Выбрать главу

Особенно подогрела интерес к предстоящему необычному событию обширная статья Артура Подлиповского "Два гения", в которой рассказывалось с большим знанием закулисных подробностей о творчестве ученого Кузина и писателя Акима Востроносова. Читателю предоставлялась возможность заглянуть в творческую лабораторию того и другого, отношениям между ними был придан вполне дружеский характер, детально описывалось предстоящее испытание, приуроченное к встрече футбольных лидеров.

Что говорить, перо у Артура Подлиповского бойкое, его статья так разожгла страсти, что заявки на билеты на испытание, которое молва окрестила "Битвой гениев", посыпались в дирекцию стадиона. Удовлетворить их не представлялось никакой возможности, и поэтому загодя было объявлено, что все подробности исключительного события можно будет наблюдать по телевидению.

Поскольку от машины Кузина теперь зависела судьба Акима Востроносова, то к ней и приковано было всеобщее внимание, хотя для самого ученого и для кибернетической науки и техники эта машина была давно пройденным этапом. Сделаны куда более значительные новинки, но они-то, к удивлению и даже досаде Никодима Сергеевича и его коллег, широкую публику не трогали. Весь интерес сосредоточился на машине, от которой зависела судьба гения и которая преподносилась в широкой печати как самое последнее достижение.

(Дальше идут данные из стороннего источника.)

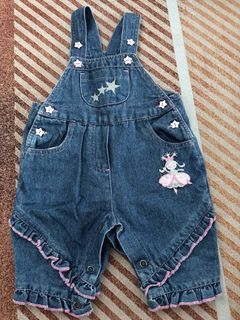 (Category: ) located in . Submitted by girly39 (Listing ID 1375849219, Image 1). Description: .
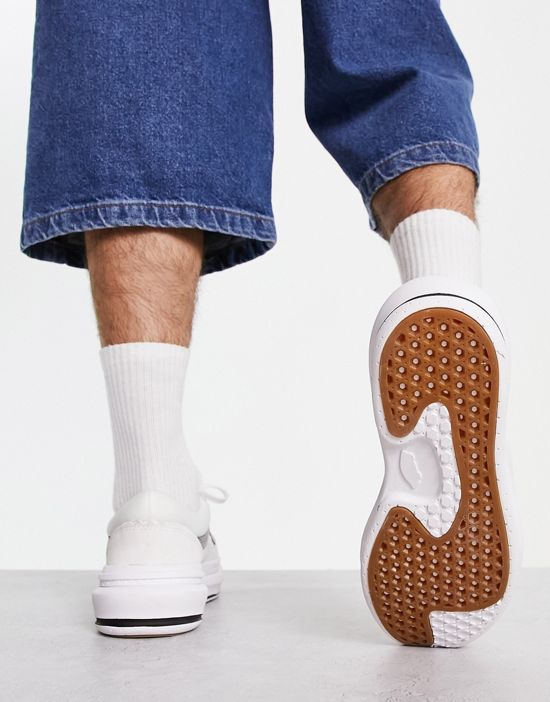 https://images.asos-media.com/products/vans-old-skool-overt-cc-sneakers-in-white/203453241-2?$n_550w$&wid=550&fit=constrain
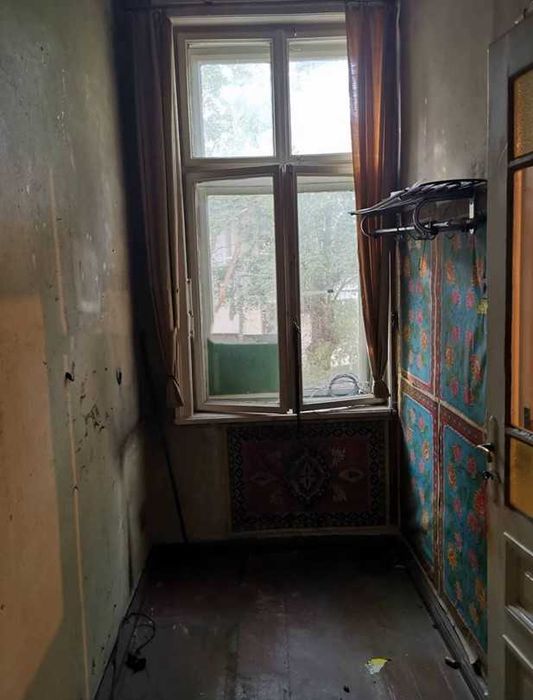 Продава се Тристаен апартамент в София, Център - 131 кв.м за 3605 €/кв.м - Снимка #2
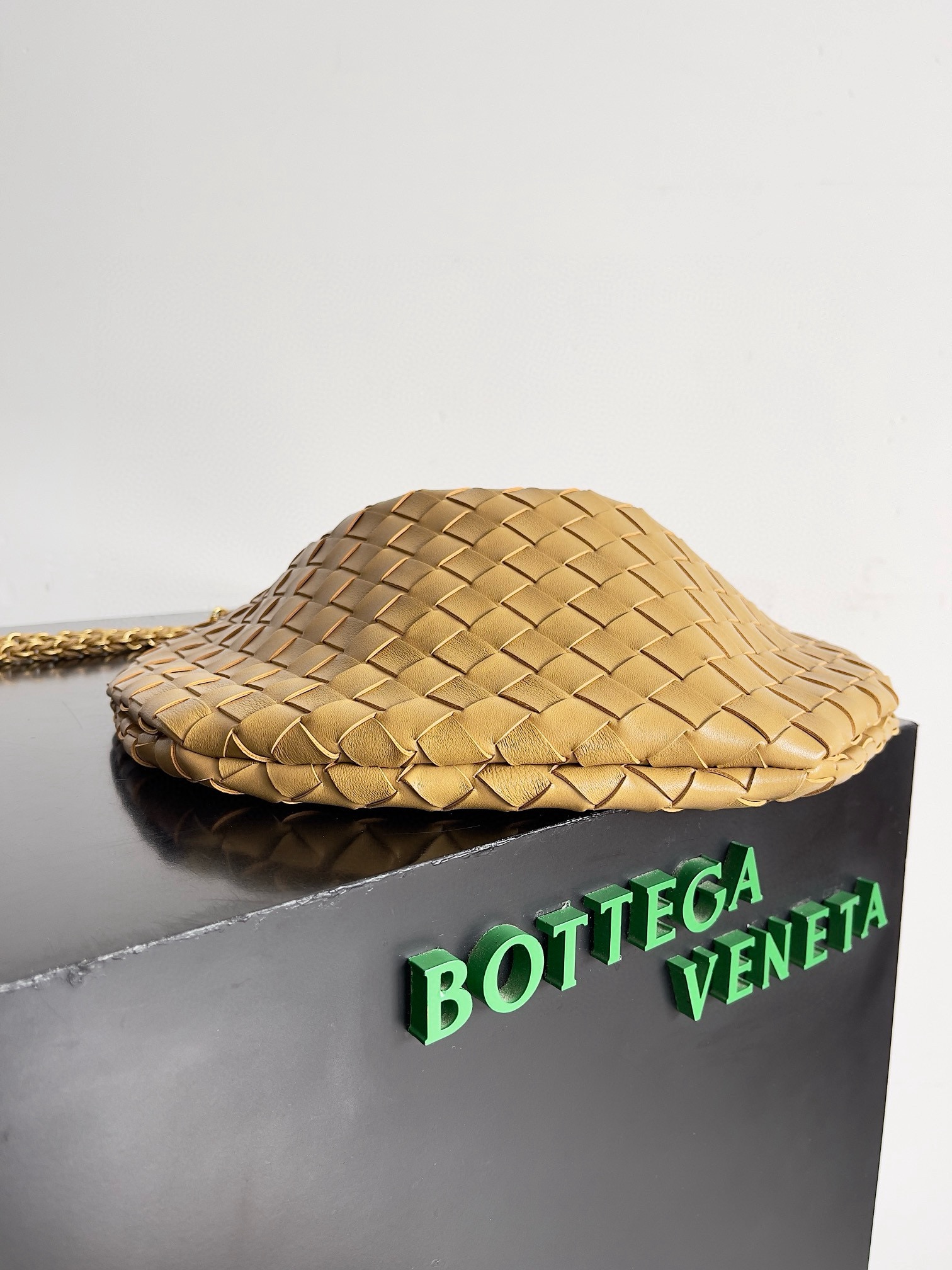 BOTTEGA VENETA 보테가베네타 사딘 인트레치아토 위빙 숄더백 3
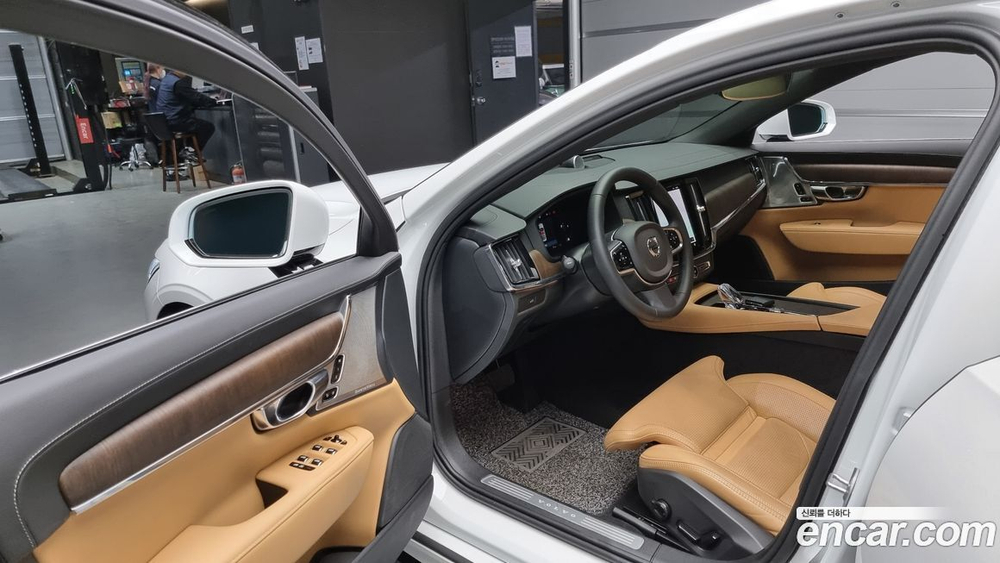 Volvo S90 B5 Ultimate Bright (11.2022)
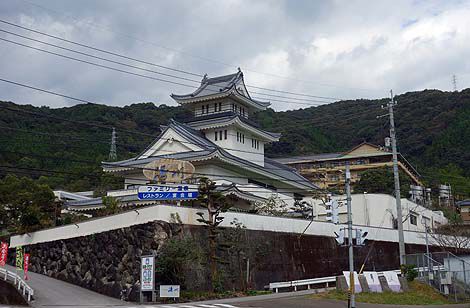 高知城ではありません「ファミリー温泉 湯川」（高知市）ニセ城シリーズ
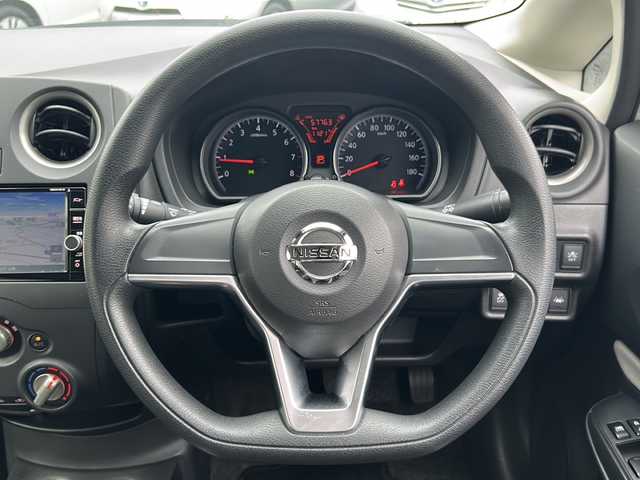 日産 ノート X 千葉県 2017(平29)年 5.8万km ブリリアントホワイトパール 純正SDナビ【MM317D-W】/フルセグTV/DVD/CD/Bluetooth/ETC/バックカメラ/前後ドラレコ/エマージェンシーブレーキ/レーンキープアシスト/アイドリングストップ/横滑り防止/純正アルミホイール/フロアマット/ドアバイザー/ヘッドライトレベライザー/エンジンプッシュスタート/スマートキー/スペアキー/保証書/取扱説明書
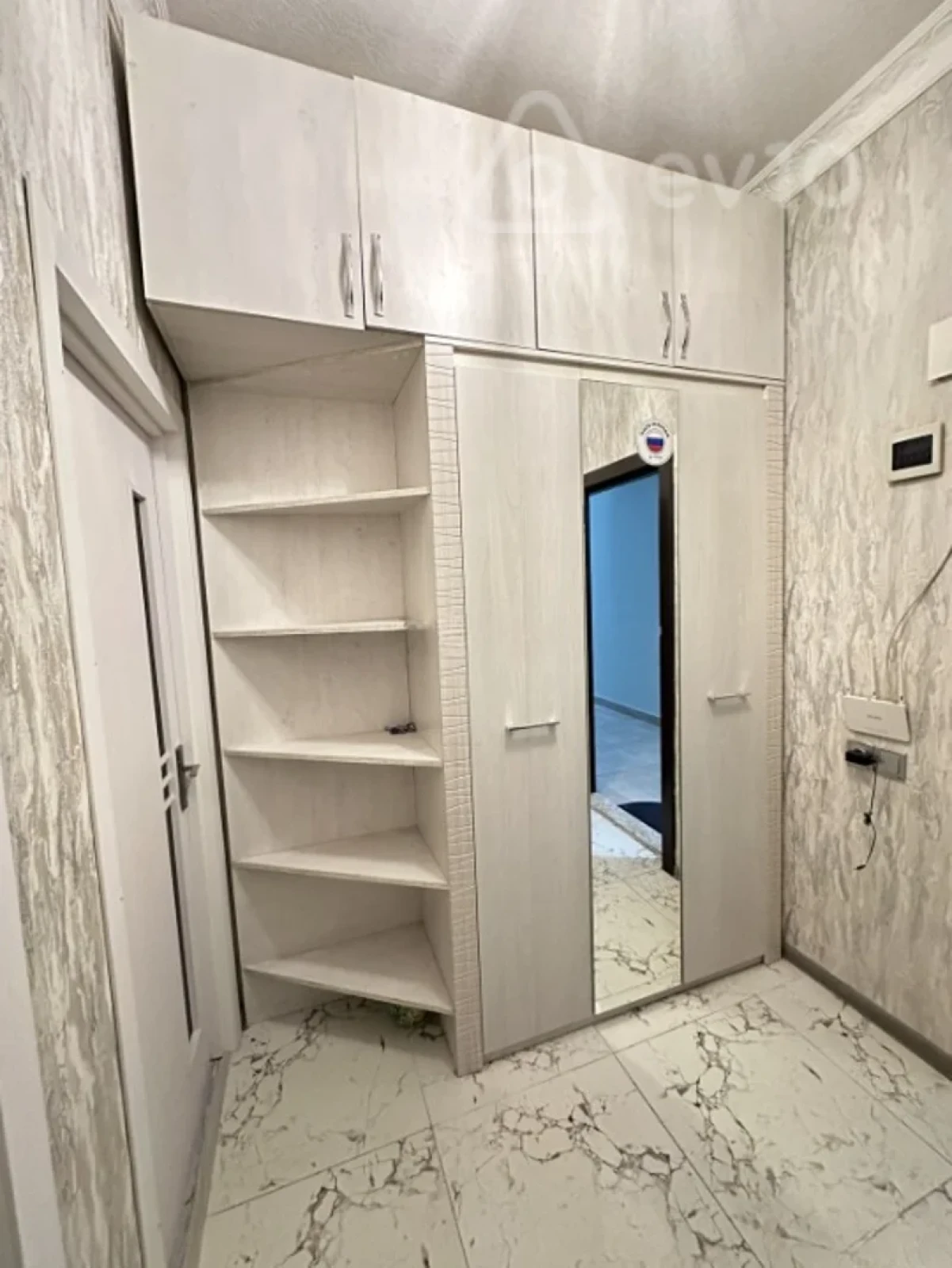 Satılır 2 otaqlı yeni tikili 50 m²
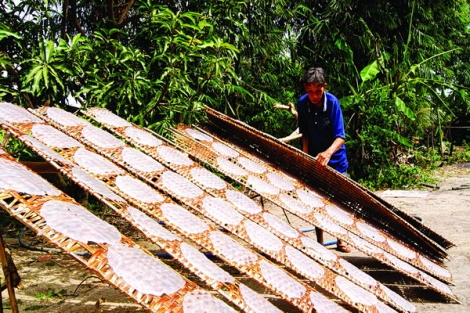 Mặn, ngọt bánh tráng phơi sương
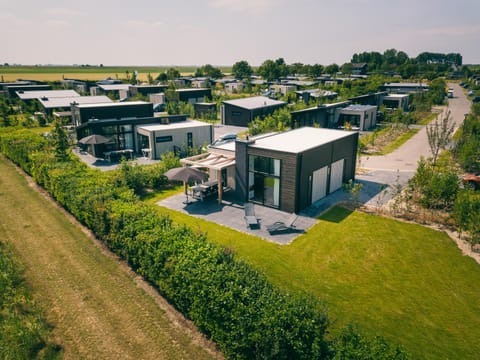 Property building, Bird's eye view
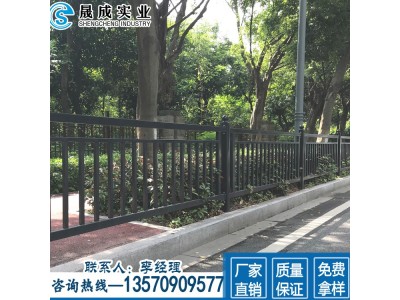 厂家直供 城市改造市政护栏工程 交通甲型隔离栏价格 按需加工
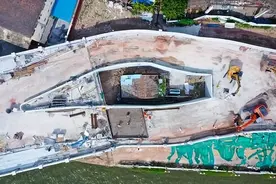 广州最牛钉子户，将大桥“撕”成两半，逼得政府百亿工程绕道而行图片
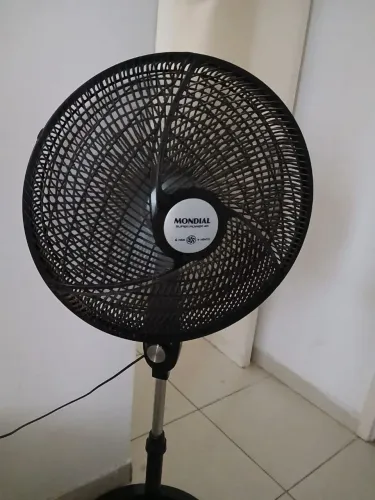 Ventilador vertical
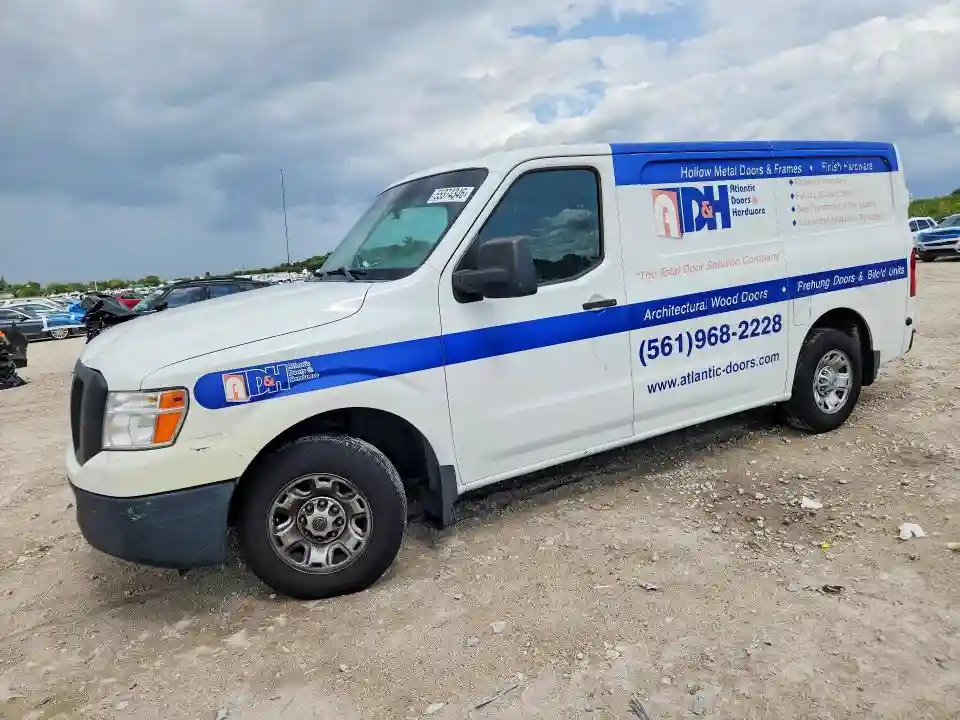 1N6BF0KY6HN804499 2017 NISSAN NV-0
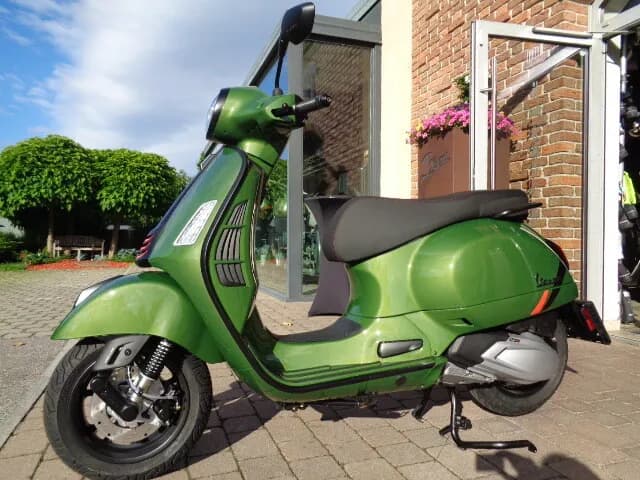 Vespa GTS – € 8.299, 0 km – Bild 1 von 7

Велик был интерес и к личности Акима Востроносова. На его книги набросились и те, кто до этого относился к литературе весьма прохладно. За Акимом снова усиленно гонялись репортеры-интервьюеры, но для них он был абсолютно недосягаем. Охраняемый Металлиной и Кавалергардовым, Аким в тиши напряженно трудился над новой повестью, которая должна была рассеять сомнения в его гениальности.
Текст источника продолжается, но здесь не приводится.